Al final queda el individuo: unidimensional, extraño y extranjero, que dirían Marcuse y Camus. Individuo frente a los demás que, la idea es de Sartre, son el mal y el infierno (l’enfer c’est sont les autres), o todo lo contrario: quizá cada uno lleva sus demonios y su infierno dentro, que también podría ser.

En cualquier caso, al final queda el individuo en su soledad; y lo demás y los demás, presionando, molestando, intentando estrujarnos: «Siento la piel como una frontera, y el mundo exterior como un aplastamiento. La sensación de separación es total; desde ahora estoy prisionero de mí mismo. No habrá fusión sublime; he fallado el blanco de mi vida».

Sensación de fracaso, de que podría ser de otro modo mejor, de que nuestra vida podría aspirar a la excelencia, al amor y la alegría. Sensación de que no va a ser así. Es como para volverse locos. Y la sociedad terapéutica en la que vivimos nos provee de abundantes psicólogos y psiquiatras.
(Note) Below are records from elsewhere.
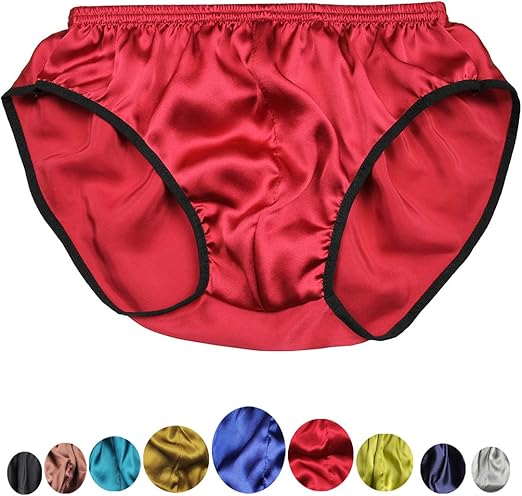 red mens underwear pants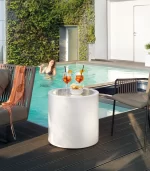 Blok ⌀55 Side Table - Image 2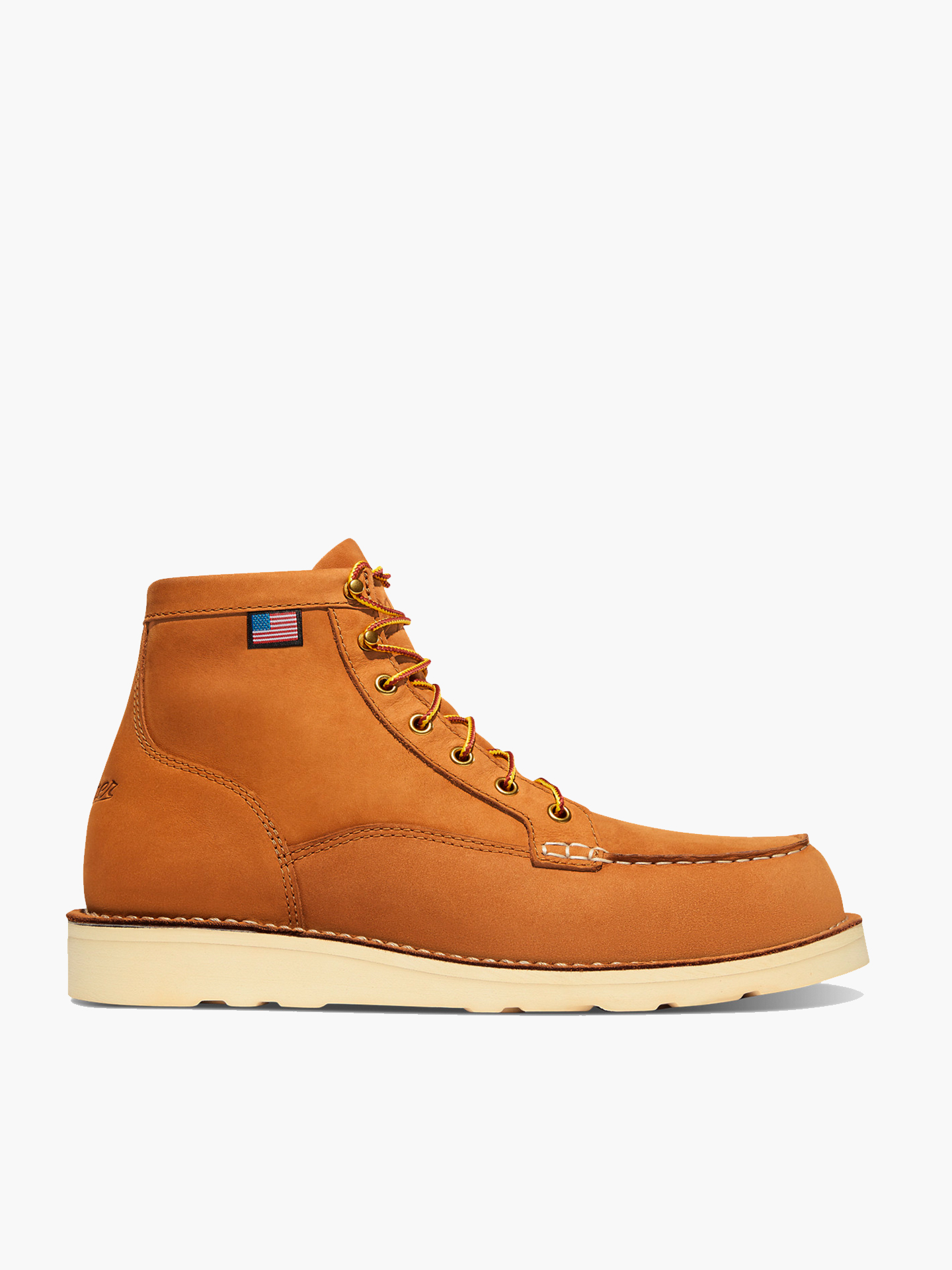 

Ботинки Danner Bull Run Moc Toe, Рыжий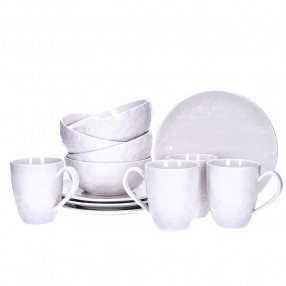 Комплект за закуска 12 бр. DUKA SARA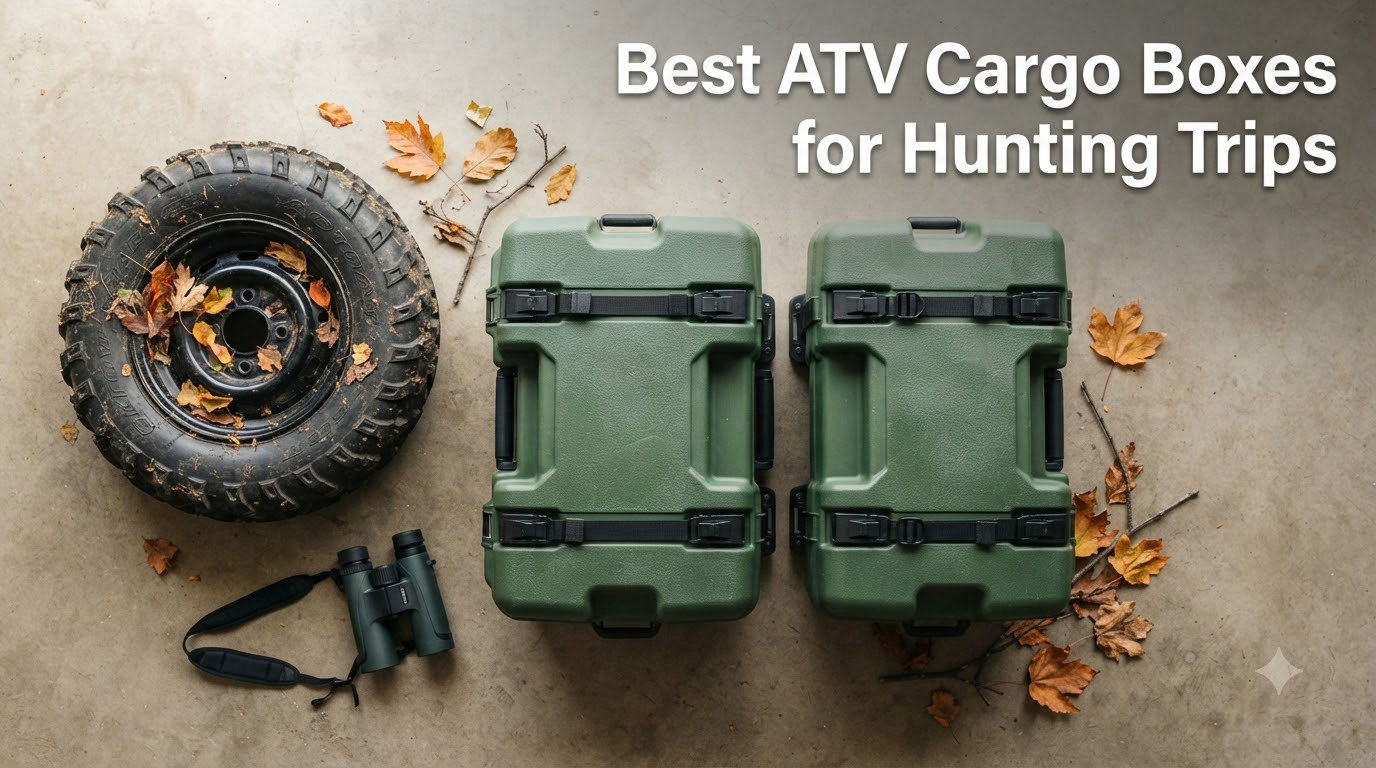 Best ATV Cargo Boxes for Hunting Trips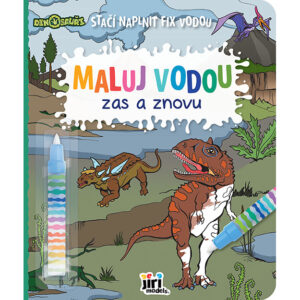 Maluj vodou zas a znovu – Dinosauři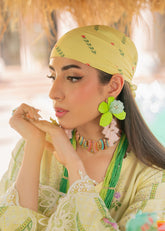 Cocktail By Sardinia Unstitched 3 Piece Summer Collection-LEMON SPRITZ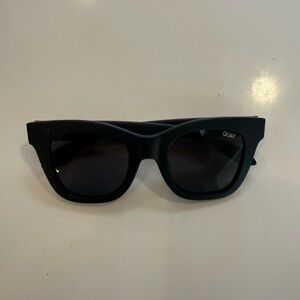 Quay Australia Black Sunglasses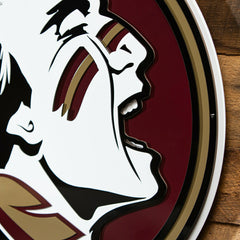 Florida State University Premier Metal Wall Art - Collegiate Home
En el psiquiátrico, precisamente, y «poco a poco, empecé a tener la impresión de que toda aquella gente –hombres o mujeres- no estaban trastornados en absoluto; sencillamente, les faltaba amor». Y esa falta no es cualquier cosa. No es un fallo exclusivo de algunos individuos, sino el ambiente en el que vivimos: «Ninguna civilización, ninguna época han sido capaces de desarrollar en los hombres tal cantidad de amargura. Desde este punto de vista, vivimos tiempos sin precedentes. Si hubiera que resumir el estado mental contemporáneo en una palabra yo elegiría, sin dudarlo, amargura».

Houllebecq expone con la fría objetividad de un forense, qué puede estar pasando. Un buen diagnóstico distingue aún entre infierno y purgatorio. Que no es lo mismo. Y aún podríamos salvarnos.